There are generally many joint distributions $P(X_1 = x_1, X_2 = x_2, …, X_n = x_n)$ consistent with a known set marginal distributions $f_i(x_i) = P(X_i = x_i)$.

Of these joint distributions, is the product formed by taking the product of the marginals $\prod_i f_i(x_i)$ the one with the highest entropy?

I certainly believe this is true, but would really like to see a proof.

I'm most interested in the case where all variables are discrete, but would also be interested in commentary about entropy relative to product measures in the continuous case.

Best Answer

One way is to use the properties of the Kullback-Leibler divergence.

Let $\mathfrak{P}$ be the family of distributions with the given margins, and let $Q$ be the product distribution (and obviously $Q \in \mathfrak{P}$).
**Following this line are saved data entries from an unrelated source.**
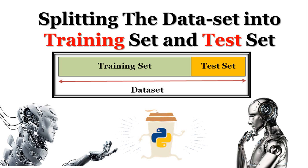Hey Fingsters! Previously we dealt with missing data and categorical data. It's now time to deal with the dataset and split it into the training set and the test set. So what is a training set and a test set?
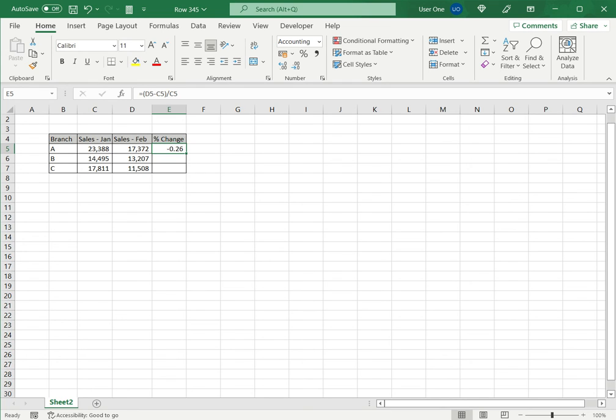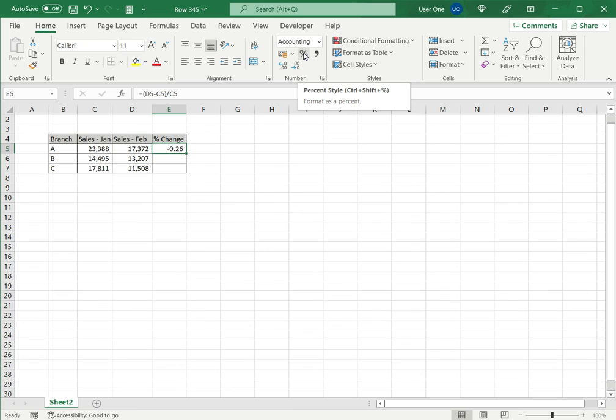So normally we multiply it by 100. But in Excel, we can just apply the percentage format. Under Home, there is the percent style button, which I click. And that converts it into a percentage.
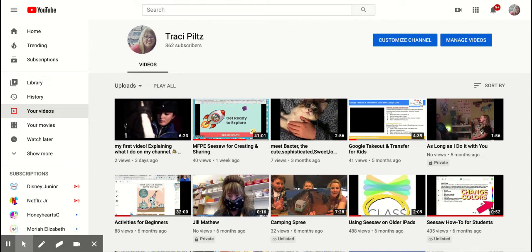Holy smokes, this is super cool. So let's say I have a YouTube video. I'm going to grab this one right here.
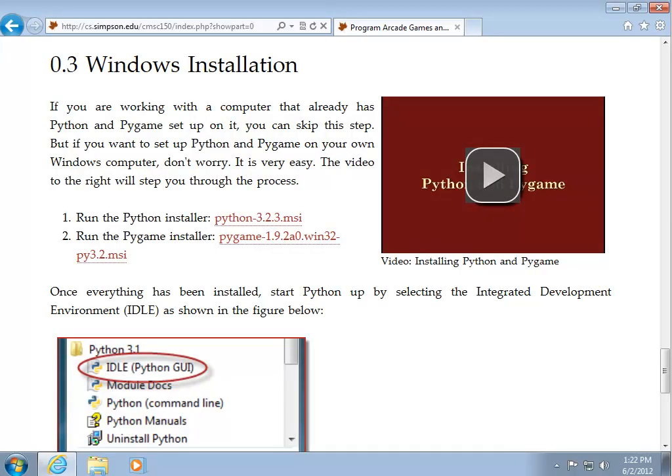Before we create arcade games, we need to install the Python computer language and the Pygame library for graphics. Thankfully, this is pretty easy. It's just a matter of running two different installers.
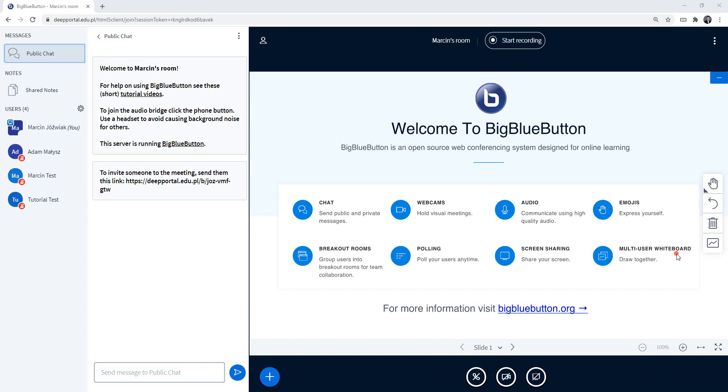So the first step that you need to take is to go to the bottom of the screen and click on the plus icon, then you need to go into upload a presentation.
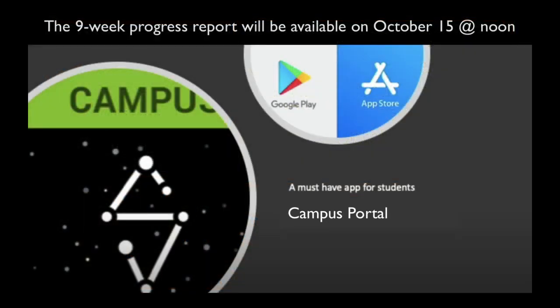Our nine-week progress reports will be made available through Campus Portal on October the 15th at noon.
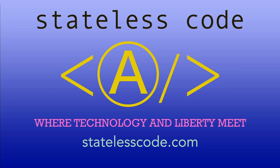Thanks for watching this stateless codecast, be sure to like comment subscribe and spread the word. You can follow us on social media at stateless code. Until next time keep coding and don't aggress against peaceful people or vote for others to do so on your behalf.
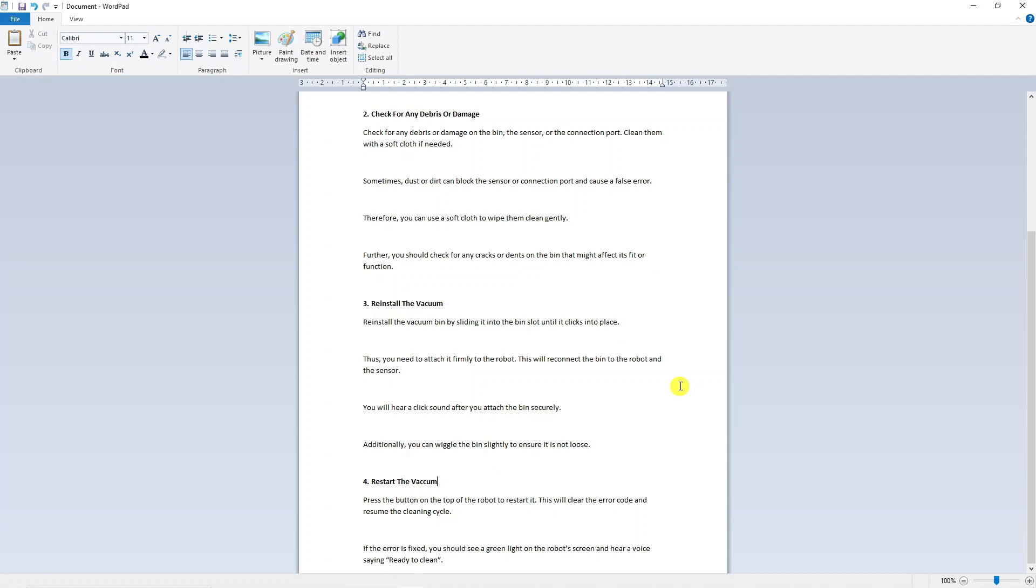So that is a quick method on how to fix Roomba C510 error. I hope this quick tutorial did help you out today, and if this did help you out, I'd really appreciate it.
Now, for any $P \in \mathfrak{P}$, the cross entropy is:

$H(P,Q) = E_P [\log q(X)] = E_P \left[ \log \prod_i q_i(X) \right] = \sum_i E_P [\log q_i(X)] = \sum_i H(P_i,Q_i)$

that is, the sum of the cross entropy of the margins. Since the margins are all fixed, this term itself must be fixed.

Now we can write the KL divergence as:

$D_{KL}(P \| Q) = H(P,Q) - H(P)$

and hence:

$\operatorname*{arg\,min}_{P \in \mathfrak{P}} \ D_{KL}(P \| Q) = \operatorname*{arg\,max}_{P \in \mathfrak{P}} \ H(P) $

that is, the distribution $P$ which maximises the entropy is the one which minimises the KL divergence with $Q$, which by the properties of the KL divergence, we know is $Q$ itself.